Le règne de Frédéric est comme l’épilogue de la tragédie commencée avec Grégoire VII et achevée à Bouvines. L’Empire n’existait plus que de nom dès Othon de Brunswick. La tentative de Frédéric de le relever au moyen de son royaume sicilien ne pouvait aboutir qu’à une catastrophe. Il s’épuisa à lutter, contre tout espoir, tenant la campagne contre la Lombardie et épuisant pour une cause perdue ses troupes et ses finances. Il mourut peu après une défaite sanglante que les Parmesans lui infligèrent, le 13 décembre 1250. Sa mort ne causa aucune impression en Allemagne ; elle eut un retentissement énorme en Italie. Des prophéties relatives à l’arrivée de l’Antéchrist furent reportées sur Frédéric et le bruit se répandit plus d’une fois qu’il était revenu sur la terre.

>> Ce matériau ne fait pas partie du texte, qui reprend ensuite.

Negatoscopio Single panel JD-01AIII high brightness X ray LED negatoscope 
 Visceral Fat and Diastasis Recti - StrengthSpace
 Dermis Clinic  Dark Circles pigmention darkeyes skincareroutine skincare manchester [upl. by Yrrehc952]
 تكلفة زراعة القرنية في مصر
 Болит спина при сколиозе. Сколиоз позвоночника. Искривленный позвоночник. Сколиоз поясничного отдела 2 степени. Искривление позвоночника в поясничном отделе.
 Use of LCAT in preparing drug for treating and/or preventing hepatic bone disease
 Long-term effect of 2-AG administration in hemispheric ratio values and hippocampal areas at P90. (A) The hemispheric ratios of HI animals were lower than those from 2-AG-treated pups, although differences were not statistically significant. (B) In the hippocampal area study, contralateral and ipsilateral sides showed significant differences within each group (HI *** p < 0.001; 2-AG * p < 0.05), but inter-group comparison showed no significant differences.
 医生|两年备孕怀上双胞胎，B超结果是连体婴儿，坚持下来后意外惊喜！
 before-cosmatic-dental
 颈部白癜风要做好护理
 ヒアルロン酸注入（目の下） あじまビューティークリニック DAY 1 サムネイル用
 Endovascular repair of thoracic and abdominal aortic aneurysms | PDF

C’est l’écho de ces rumeurs italiennes qui, se répercutant en Allemagne, y a donné naissance à la légende du sommeil de l’empereur dans la montagne de Kyffhäuser, légende que l’imagination populaire, trompée par la similitude des noms, devait bientôt d’ailleurs appliquer à Frédéric Barberousse.

Quant au royaume de Sicile, le pape se hâta de l’enlever pour toujours à cette « race de vipères » qu’étaient les Hohenstaufen. C’est à la France qu’il le destina.